Seed or Weed? The Question That Changed How I Say Yes
On time, energy, and why some decisions rot your whole garden.
I was listening to Melissa Wood’s latest podcast with Jay Shetty while driving to give a talk to some college creative writers, and had to pause it midway to voice-memo my friend to repeat what Jay was saying.
Essentially, Melissa asked him about his spiritual practices, and he outlined this simple visualization he does every day to evaluate the decisions he’s making—both large and small—from huge business deals to how he’s engaging in the more minute ways of life (that all matter and shape our direction, by the way!).
He said that every day he visualizes each decision as either planting a seed—something that will grow in his garden of life into something beautiful, shade-giving, nutritive, and a helper in the broader ecosystem of things—or a weed—something that seems small and insignificant at the time of planting but will ultimately spread and create a toxic environment in the garden. A weed becomes a nuisance, and ultimately doesn’t work for the kind of ecosystem aligned with one’s deeper intention.
Of course, this metaphor called to mind my earlier post about Fountains and Drains, which has been a useful image for me over the years and is the founding principle of The Fountain, but something about this idea of seeds and weeds hit even closer in terms of how I’ve been thinking about the value of my time lately.
For a long time as a young writer, I felt I couldn’t say no to requests because I was still cutting my teeth, trying to establish myself in a broader community. In my early twenties, it felt like you never knew what something might become. This led me to some great places and great friendships, but it also led me to exhaustion, poverty, and the general sense that I was not on the right path.
I had the deeply-worn belief that it was my job to unearth the jewels inside of people—that if I just kept showing up to coffee dates or obligations (that intuitively didn’t feel aligned to me, but I bulldozed right past that), eventually it would lead to something great. That I’d get to the deeper layers of a person, or be rewarded with some opportunity I just couldn’t miss out on. I kept knocking on doors that were the wrong doors, thinking that if I just worked harder at it, something redemptive might be revealed.
This is sweet to think back on, and I know it was actually a vital part of my becoming—but still. You don’t know what you don’t know.
I kept chipping away at familial relationships that left me depleted and confused, that required me to wear a mask to be accepted and loved, and (unknowingly) kept me in a state of fight or flight. I didn’t yet see that I was watering my weeds over and over, expecting different results.
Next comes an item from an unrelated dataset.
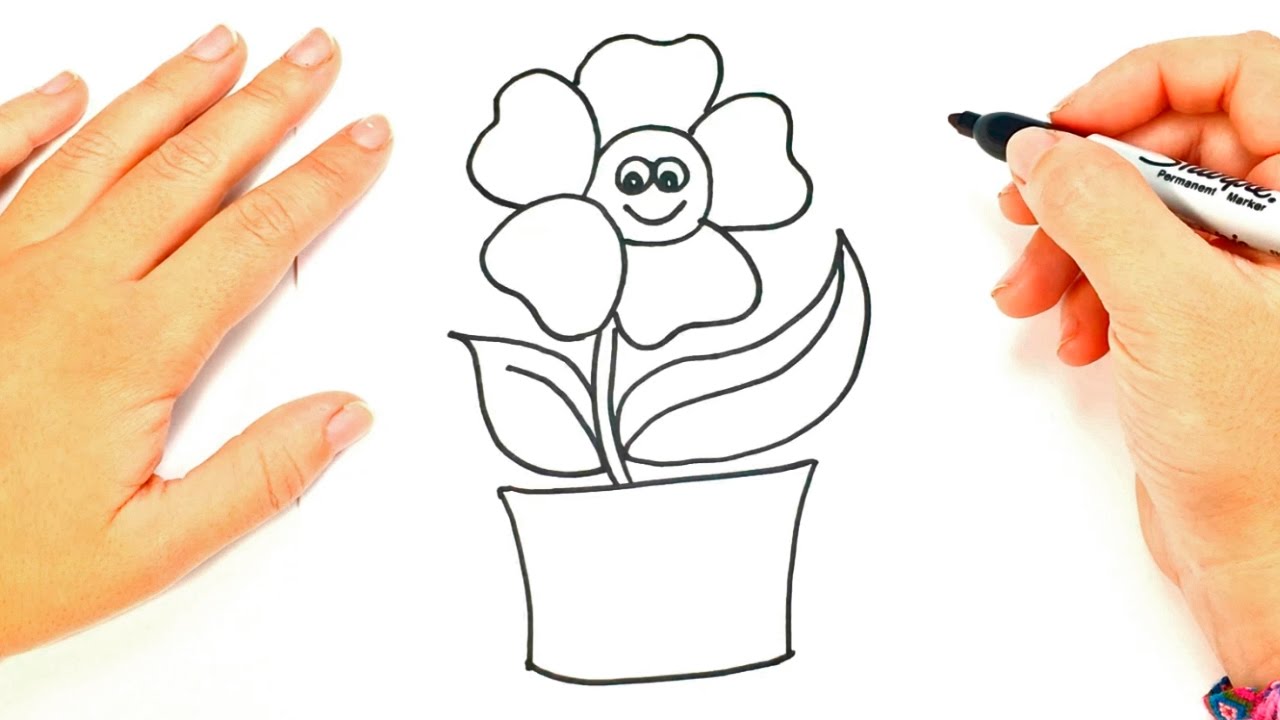 1280x720 how to draw a plant plant easy draw tutorial - Plant Drawing Easy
Professionally, I barked up the wrong trees for a long time—teaching for no security and hardly any pay, despite having a master’s degree and the right qualifications. I really absorbed the message that this is just the way it has to be for a writer. And in one reality, it is true. This is the way it is. My pride wouldn’t let me accept that I could’ve been making more money and writing more had I been a waitress somewhere, but I digress.
I kept holding out that something was going to come from all my adjuncting. And I guess in some ways, something did: it made me on fire to find a way to teach the way I want to teach, on my own platform, in my own way.
It doesn’t help that our industry is built on the back of free labor masked as altruism. Writers do not get paid for the hours they spend reading and preparing for an author talk at a bookstore. We don’t get paid for reading and blurbing books. And very often we are sorely undercompensated for teaching for institutions. The amount of times I’ve been asked to do something very time-consuming—only to find after several email exchanges that there will be no pay involved—are too many to count.
And for a long time, it seemed that that’s just the way it had to be.
Recently, a writer penned a deal for $8 million for each of 5 books. That’s eight million times five. You do the math. Of course, this is an example of a wild swing where one writer gets an astronomical amount that, if spread more widely, could fund a great many writers’ lives. Let me pause to say it’s hard not to acknowledge this reality when most writers I know are feeling pressure to say yes to free labor, to market their own books, to plan and pay for their own tours, and to juggle all variations in between.
I look at the shelf at the bookstore, knowing one book sold for five thousand dollars and one sold for a million (or 8 million in this case), and I cannot for the life of me tell you what makes that million dollar book better than the five thousand dollar one. It’s generally not literary merit. I say this as one example of how all of this adds to the sense of confusion in operating a career that makes sense in a world that simply doesn’t. And I think adds to the difficulty in making decisions, knowing what’s a seed or a weed at any given time.
But that’s not what I’m getting at here. I’m all about solution and making the most of what I can of something, despite the odds. I love to see a writer—especially a woman—get a shit ton of money. And I have a feeling this writer is a great advocate for herself and had to learn hard and fast about seeds and weeds. I love that she got that deal because it knocks down the idea that money can’t be made in writing—it most certainly can, and you should be asking for it. It’s expansive to the rest of us (once we get past the utter disorientation).
I won’t promise you a book deal like this if you tend to your garden, but I can promise that saying yes to things that are weeds and not seeds will not lead to success.
Sometimes money can make something that might be a weed into a seed. (But not always, of course.)